For a very first PR, it is only necessary to figure out how to reconstruct the grid and location. We need the grid and location in order to do any meaningful post-processing, such as computing derivatives, integrals, etc, with the saved data. If indices are not supported, we can still build 3D data. Making it useful in the long term will probably require supporting indices though. Boundary conditions are less important, but that can be put on a longer term TODO list.

I would focus completely on one backend --- probably InMemory. We may want to refactor the backends a little bit. For example, partly in memory should be support automatically if we do this right.

glwagner commented 1 week ago

Small PRs are always better because they lead to better design and easier review.

ali-ramadhan commented 6 days ago

Maybe a good starting point would be to add enough functionality so that a RectilinearGrid can be reconstructed?
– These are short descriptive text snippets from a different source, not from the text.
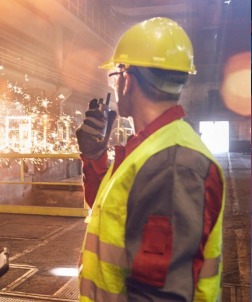 Trabajador industrial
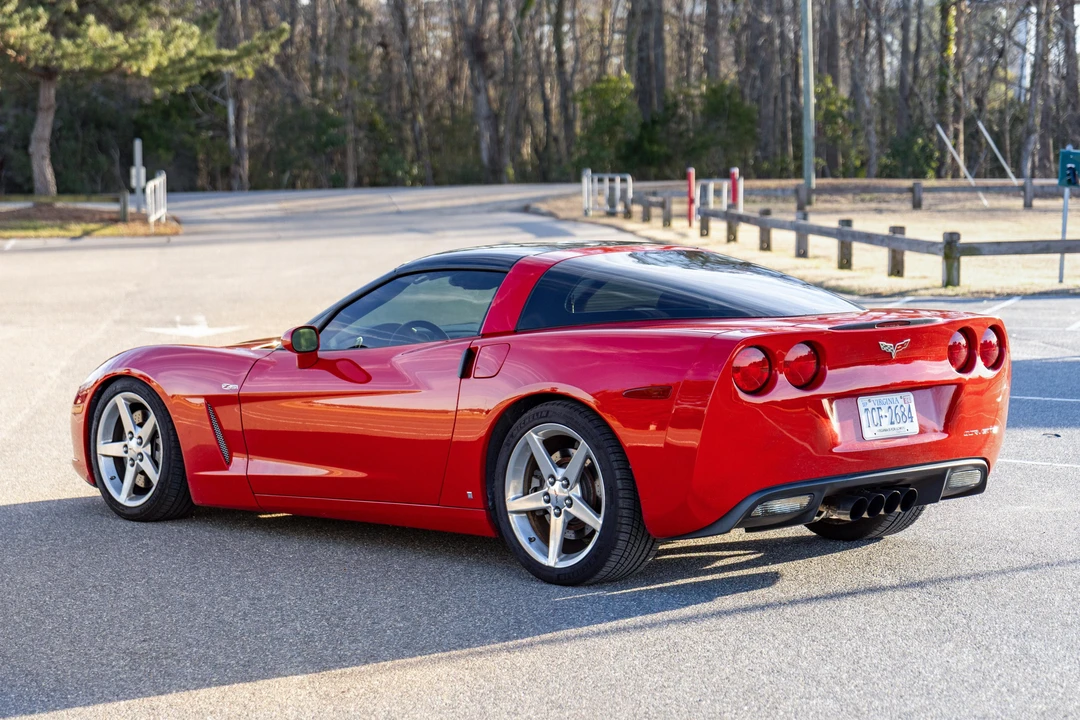 2006 Chevrolet Corvette C6 - Image 13 of 31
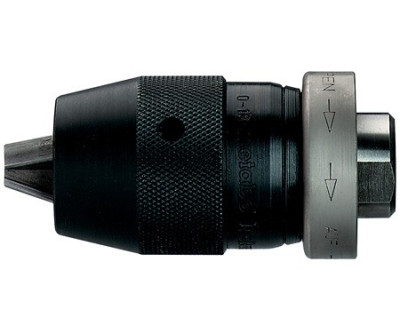 Швидкозатискний патрон Futuro Top R 1-10 мм, B12 Metabo (636217000) Швидкозатискний патрон Futuro Top R 1-10 мм, B12 Metabo (636217000)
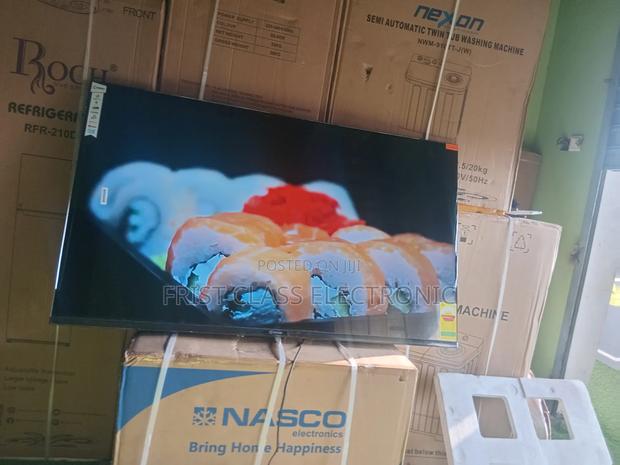 “Sigma 55′′ Smart Tv – Ultra Hd Meets Smart Features” · Photo 1
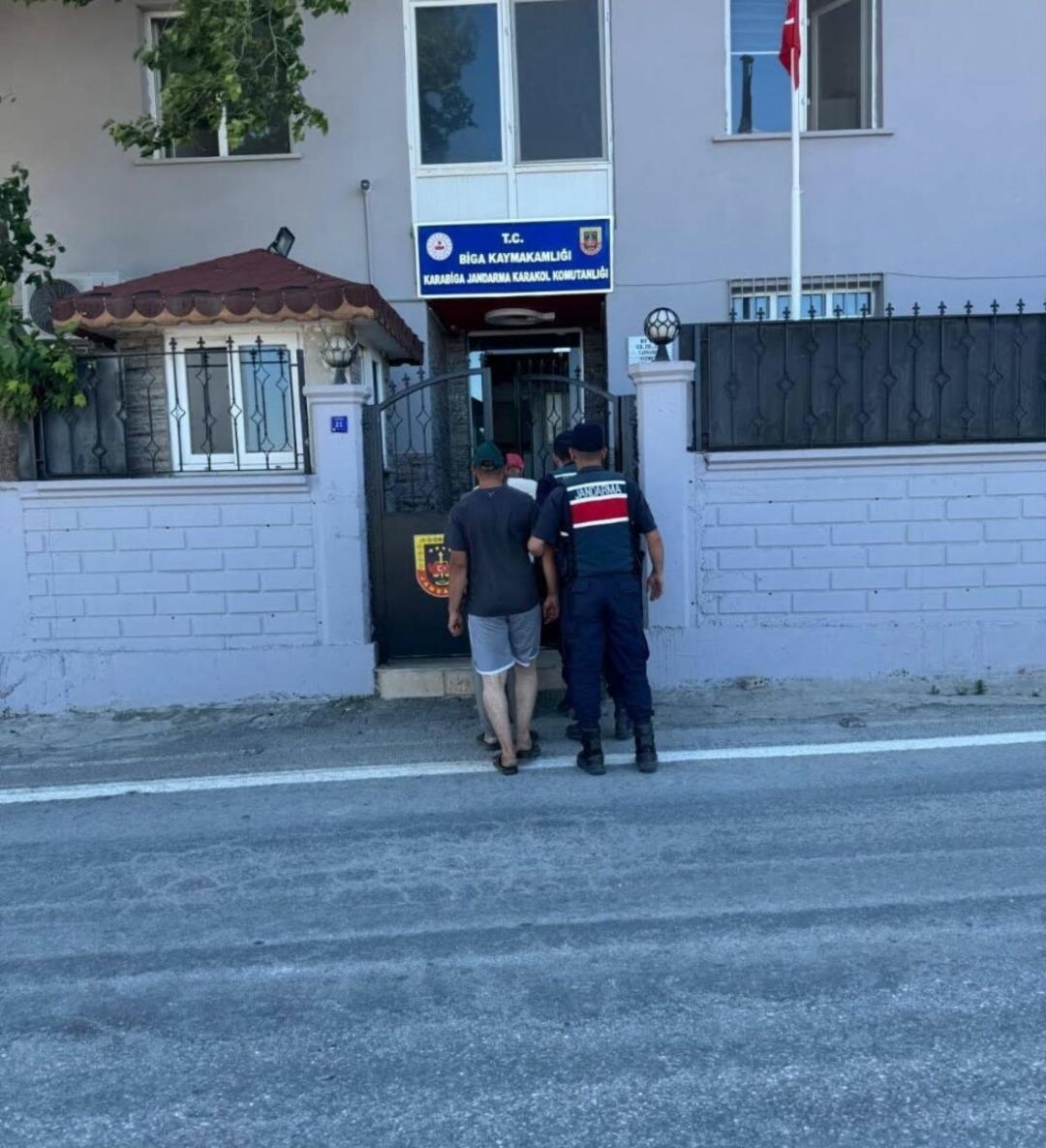 1200xauto Çanakkale’de çıkan yangınlarda 3 kişi hakkında adli işlem yapıldı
And tests for a the reconstruction of a simple FieldTimeSeries. This could be checked pretty thoroughly with some unit tests.

Small PRs are always better because they lead to better design and easier review.

Definitely agree! I might instead say that a PR should have one clear purpose. Perhaps the narrower the better. I suppose even narrowly-scoped PRs can grow quite large though.

glwagner commented 6 days ago

Maybe a good starting point would be to add enough functionality so that a RectilinearGrid can be reconstructed?

That works! But don't reinvent the wheel or implement something too specific. I would start by looking at the existing functionality for reconstructing grids eg

https://github.com/CliMA/Oceananigans.jl/blob/82ad840f2b7e03d9b65cf004a216da76a9ec173d/src/Grids/rectilinear_grid.jl#L374-L394

I think you have to save the topology and location as strings. Does NetCDF support tuples?

glwagner commented 6 days ago

You could have constructor_arguments(filename::String) and then something like

function reconstruct_grid(filename)
    args, kwargs = constructor_arguments(filename)
    GridType = get_grid_type(filename)
    arch = args[:architecture]
    FT = args[:number_type]
    return GridType(arch, FT; kwargs...)
end

I think that will work for lat lon and rectilinear?

For OrthogonalSphericalShellGrid you probably just have to save all metrics, not sure a way around that.

glwagner commented 6 days ago

This is cleaner / nicer than saving all the metrics down and loading them back, because you might end up with loaded grids that don't match the original (eg ranges get converted to arrays?)